(peón)A4

La gente cree que todos los peones somos iguales, pero no es así. No es lo mismo ser un peón de las columnas centrales del tablero, que un peón de los extremos, como en mi caso. Los peones centrales protegen a sus altezas, se sacrifican por el bien común, y muchas veces son los primeros en caer. Yo no soy más que el peón del borde y, en general, lo mío es más estorbar que defender a la Torre a mis espaldas.

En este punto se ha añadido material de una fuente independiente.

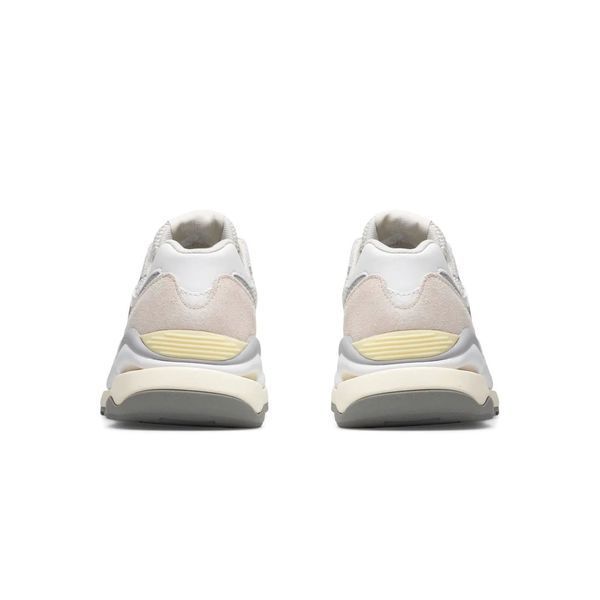 Кросівки New Balance 5740 Moonbeam Dawn Glow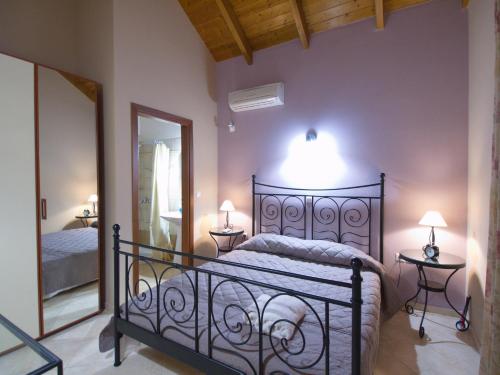 Postel nebo postele na pokoji v ubytování Villa Fiscardo View Fiscardo Kefalonia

Al principio esta particularidad “posicional” no era algo que me afectara; su juego no se consideraba ni siquiera de principiantes. Ellos se conocieron durante una de las tantas tomas de la facultad y todos los días jugaban al ajedrez para matar el tiempo entre las asambleas, la redacción de manifiestos y la confección de pancartas. Apenas si sabían los movimientos básicos de cada pieza, y no mucho más, pero era todo lo que necesitaban saber. Igual hubiera dado que fuera ajedrez, damas chinas, go o backgamon. Fue ajedrez, porque era lo único que tenían a mano en el salón donde armaron su base de operaciones durante el paro estudiantil.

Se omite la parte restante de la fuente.